In a criminal case, and for the purposes of the Vermont Rules of Professional Conduct, which is different from the others?
- A. Whether to request a competency exam. See, Rule 1.2(d). A criminal defense lawyer may request a competency exam over the client’s objection. The other 3 are decisions that are left to the client.
- B. Whether to accept a plea.
- C. Whether to to waive a jury trial.
- D. Whether to testify.
Lawyer called me with an inquiry. I listened, then asked a question of my own: “what type of instrument did you deposit?” Most likely, Lawyer called to discuss:
- A. a real estate closing
- B. disbursing funds from trust in reliance upon a deposit that had not yet become collected funds. Generally, a lawyer may not disburse funds unless the funds are “collected funds.” However, Rule 1.15(g) lists several instruments against which a lawyer may disburse upon deposit.
- C. depositing funds into an account that will earn interest for the client
- D. deposits that are (and are not) subject to the three-way reconciliation requirement.
Attorney called me with an inquiry. I listened, then I asked, “will the harm be to the actor or to someone else?” What specific issue did Attorney call to discuss?
Disclosing information relating to the representation when the lawyer reasonably believes that disclosure is required “to prevent the client or another person from committing a criminal act that the lawyer reasonably believes is likely to result in the death of, or substantial bodily harm to, a person other than the person committing the act.” See, Rule 1.6(b)(1). If the harm will be to the actor, disclosure is permissive, but not mandatory. See, Rule 1.6(c)(1).

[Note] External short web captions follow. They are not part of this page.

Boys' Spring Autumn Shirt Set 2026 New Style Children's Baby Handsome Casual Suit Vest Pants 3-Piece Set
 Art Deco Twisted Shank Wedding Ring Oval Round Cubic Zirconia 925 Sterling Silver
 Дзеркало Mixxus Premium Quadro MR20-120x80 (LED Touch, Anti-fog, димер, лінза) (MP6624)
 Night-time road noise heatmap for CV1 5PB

Attorney Albert Bacon Fall was admitted to the New Mexico bar in 1891. Among other things, he successfully defended the accused killer of Sheriff Pat Garrett, served on the New Mexico Supreme Court, was elected to the United States Senate, and served two years as Secretary of the Interior under President Harding.
Fall resigned his post as Secretary of Interior in disgrace as a result of a controversy that involved the Navy and leases that were awarded without competitive bidding to friends of his. He was eventually convicted of conspiracy & bribery and, as a result, became the first person sentenced to prison for misconduct while serving in the Cabinet.
What is the name commonly given to the controversy that is associated with Fall’s criminal conduct and resignation?
Attorney Fall fell from grace in the Teapot Dome Scandal.